FNC jour 3 :
secrets et délivrances
La couverture du FNC se poursuit sur Kino Pravda! Ne cherchez pas le jour 2 (vendredi 6 octobre), il manque bel et bien à l’appel, car il fut consacré à des projections des Nouveaux alchimistes et, secret de jury oblige, je ne peux en parler avant les grandes délibérations de la semaine prochaine. Hier par contre, mon exploration des autres sections s’est poursuivie avec deux films — le tout après la traditionnelle visite familiale aux P’tits loups, les projections jeunesse du FNC.
Téhéran Tabou
d’Ali Soozandeh



Le premier de ces deux arrêts du samedi était une proposition pour le moins surprenante : une animation « pour adultes » hyperrréaliste sur l’existence souterraine des Iraniens. Tout le programme de Téhéran Tabou tient ainsi dans son titre. Le choix de l’animation aurait été une fenêtre de liberté pour le réalisateur Ali Soozandeh, qui vit et travaille maintenant en Allemagne (on le comprend). Son film est passé par la Semaine de la critique de Cannes et par Annecy, sans surprise, puisque les œuvres de cette facture sont plus que rares. À part l’évident Valse avec Bachir d’Ari Folman (2008), je ne me rappelle pas de proposition semblable. Le récit choral de Soozandeh suit quant à lui une poignée de personnages dans la fièvre étouffante de Téhéran : une prostituée au grand cœur qui voudrait obtenir le divorce de son mari toxicomane; une épouse intello qui aimerait tant pouvoir s’échapper de sa prison domestique; un étudiant en musique, pressé de trouver l’argent pour payer l’opération de reconstruction d’hymen à son amante d’un soir; une jeune fille pauvre qui pense pouvoir faire une fortune de son corps vierge. Au milieu de toutes ces figures aux abois, un petit garçon muet, qui voit et entend tout, à la fois témoin, observateur et confident. Par un magnifique coup de crayon tout en ombres, Téhéran Tabou nous donne à voir ce qui n’est évidemment pas filmable : la ville interlope sous la chappe de plomb religieuse. Sexe, drogue, discothèque électro, avortements, clandestins, trafics en tous genres se dévoilent un par un. Pour les personnages, le passage chez le photographe rythme le film et scelle les destinées. Le message est plus que corrosif : dans cette société étouffée par les interdits, tout se trouve, tout se monnaie, et la valeur d’une femme est avant tout sexuelle. Étonnamment, le ton n’est pas uniformément grave… sauf que la conclusion, elle, est déchirante.

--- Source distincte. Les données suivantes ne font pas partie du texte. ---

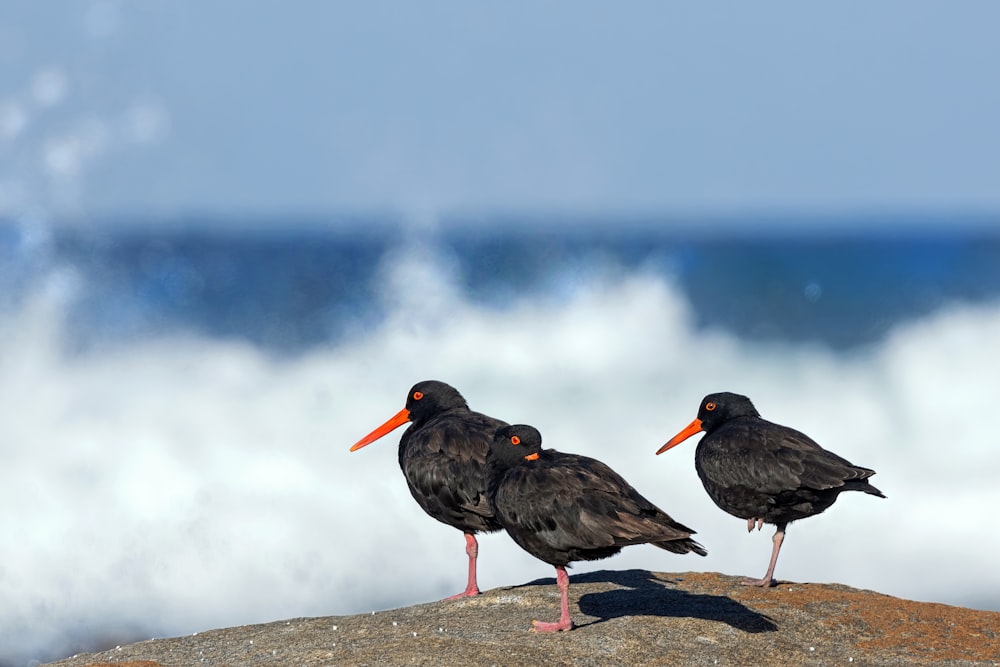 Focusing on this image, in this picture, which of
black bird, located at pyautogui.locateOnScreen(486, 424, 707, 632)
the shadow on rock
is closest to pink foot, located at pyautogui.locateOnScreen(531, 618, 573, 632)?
black bird, located at pyautogui.locateOnScreen(486, 424, 707, 632)

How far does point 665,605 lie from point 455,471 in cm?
295

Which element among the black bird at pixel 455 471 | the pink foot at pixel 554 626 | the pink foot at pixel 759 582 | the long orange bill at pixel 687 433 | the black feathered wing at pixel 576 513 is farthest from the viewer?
the long orange bill at pixel 687 433

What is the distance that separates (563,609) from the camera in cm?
1094

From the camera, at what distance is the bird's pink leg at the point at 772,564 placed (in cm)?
1298

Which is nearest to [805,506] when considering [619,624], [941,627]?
[941,627]

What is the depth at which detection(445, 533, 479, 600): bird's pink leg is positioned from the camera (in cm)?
1291

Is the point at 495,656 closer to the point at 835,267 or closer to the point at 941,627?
the point at 941,627

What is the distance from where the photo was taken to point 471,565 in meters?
13.4

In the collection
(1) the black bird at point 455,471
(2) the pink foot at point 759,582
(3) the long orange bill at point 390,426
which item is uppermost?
(3) the long orange bill at point 390,426

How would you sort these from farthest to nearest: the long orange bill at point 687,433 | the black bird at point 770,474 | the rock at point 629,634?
the long orange bill at point 687,433 < the black bird at point 770,474 < the rock at point 629,634

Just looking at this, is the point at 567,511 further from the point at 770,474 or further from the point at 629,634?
the point at 770,474

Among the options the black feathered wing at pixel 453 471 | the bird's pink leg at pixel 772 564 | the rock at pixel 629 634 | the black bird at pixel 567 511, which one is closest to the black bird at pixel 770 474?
the bird's pink leg at pixel 772 564

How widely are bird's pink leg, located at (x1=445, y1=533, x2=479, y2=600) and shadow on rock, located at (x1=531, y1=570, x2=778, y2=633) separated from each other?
3.66 feet

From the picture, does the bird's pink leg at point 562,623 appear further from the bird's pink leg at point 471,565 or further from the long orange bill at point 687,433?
the long orange bill at point 687,433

La Petite fille qui aimait trop les allumettes
de Simon Lavoie


Le soir même, Simon Lavoie présentait son tout nouveau film dans une salle remplie de ses acteurs et techniciens. Un an à peine après Ceux qui font les révolutions à moitié n’ont fait que se creuser un tombeau, voici donc l’adaptation — libre — d’un grand roman, celui de Gaétan Soucy, catapulté classique instantané lors de sa sortie en 1998. Étant une fervente admiratrice et de l’œuvre littéraire et de Lavoie, mes attentes étaient très hautes pour La Petite fille qui aimait trop les allumettes. Elles ont été comblées par un film audacieux qui, je le répète, est une adaptation libre. Le roman affichait deux constituantes incontournables : les surprises, nombreuses et chavirantes, et la langue de Soucy, aussi créative qu’alambiquée. Chez Lavoie, les surprises ne sont pas les mêmes (pouvoir de l’image oblige) et la langue est presque évacuée. À un récit très bavard, écrit à la première personne sous forme de journal intime, il oppose des ambiances, des atmosphères et des silences. Dans un immense manoir en ruines, deux adolescents élevés en autarcie, dans la crainte fanatique de Dieu, doivent reconsidérer leur réalité lorsque leur père tout-puissant meurt. La découverte du monde extérieur s’accompagnera de révélations terribles. Avec son univers à la fois pervers et élégiaque, La Petite fille qui aimait trop les allumettes est presque un film fantastique, magnifié qui plus est par le noir et blanc virtuose du directeur photo Nicolas Canniccioni. La forme est expressive à l’extrême, voire même grotesque (utilisation de l’objectif fisheye), et Simon Lavoie ose la représentation graphique de concepts très perturbants. C’est très dur et très, très beau, et la débutante Marine Johnson crève littéralement l’écran.
Les deux représentations de Téhéran Tabou au FNC ont malheureusement déjà eu lieu, mais vous pourrez revoir La Petite fille qui aimait trop les allumettes vendredi prochain le 13 octobre à 13h00 au Cinéma du Parc. Le film prendra par la suite l’affiche en salles régulières cette automne.